At the Institute for Data, Democracy & Politics, Jalbert will study how our contexts and experiences impact the way we judge truth and anticipate risk.

Madeline Jalbert
August 16, 2022

IDDP's research fellowships support projects by Ph.D. or other terminal degree holders at any stage of their career. The research should align with IDDP’s mission to help the public, journalists and policymakers understand digital media’s influence on public dialogue and opinion and to develop sound solutions to disinformation and other ills that arise in these spaces. This Q & A is part of a series in which GW Today introduces the fellows to the university community.

Madeline Jalbert is a postdoctoral student in the Information School at the University of Washington. She studies how context and subjective experiences influence memory, judgment and decision-making. Her work focuses on factors impacting judgments of truth and risk, as well as how these judgments play out in naturalistic contexts, with the goal of developing effective strategies to prevent and correct the spread of misinformation. Her project will be conducted with University of Washington political science doctoral student Morgan Walk.

 

Q: What is the aim of your research project with IDDP?

A: As it has elsewhere, misinformation has accompanied the increased use of modern portable communications devices, like cell phones, in sub-Saharan Africa. While there is a high awareness of a “misinfodemic” and the subsequent spread of political misinformation, the impact of these narratives on electoral outcomes remains understudied, particularly in the global south.

The aim of our research project is to study the interplay between misinformation narratives and perceptions of election integrity over the course of Kenya’s 2022 general election. We will conduct large-scale surveys before and after the election which include measures of familiarity with and belief in misinformation narratives, trust in the electoral process, voting intent and behavior and other key metrics.

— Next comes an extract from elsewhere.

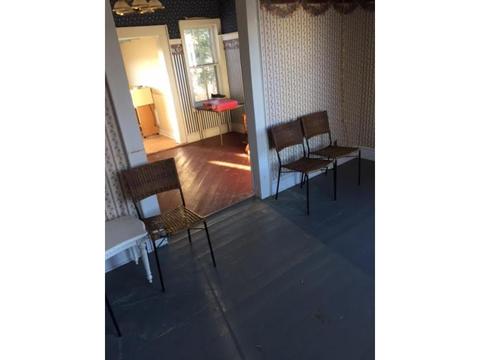 23425 Hampton Blvd, Hampton, MN 55031 photo 3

Our surveys will be completed by the same individuals both before and after the election. This will allow us to investigate how perceptions of election integrity and individual endorsements of misinformed narratives function in the build-up to an election, as well as how or if they change afterwards. Specifically, we’ll investigate key questions including:

  • Where are people being exposed to different misinformation narratives?
  • How do familiarity with, and belief in, these misinformation narratives impact voting behavior, measures of trust and the likelihood of considering engaging in violence?
  • How do these perceptions change as a result of the election outcome? Do people double down in belief in misinformation narratives when their party loses, or do they update their beliefs to be more in line with those of the prevailing political party?

 

Q: What role has technology played in worsening the “misinfodemic”?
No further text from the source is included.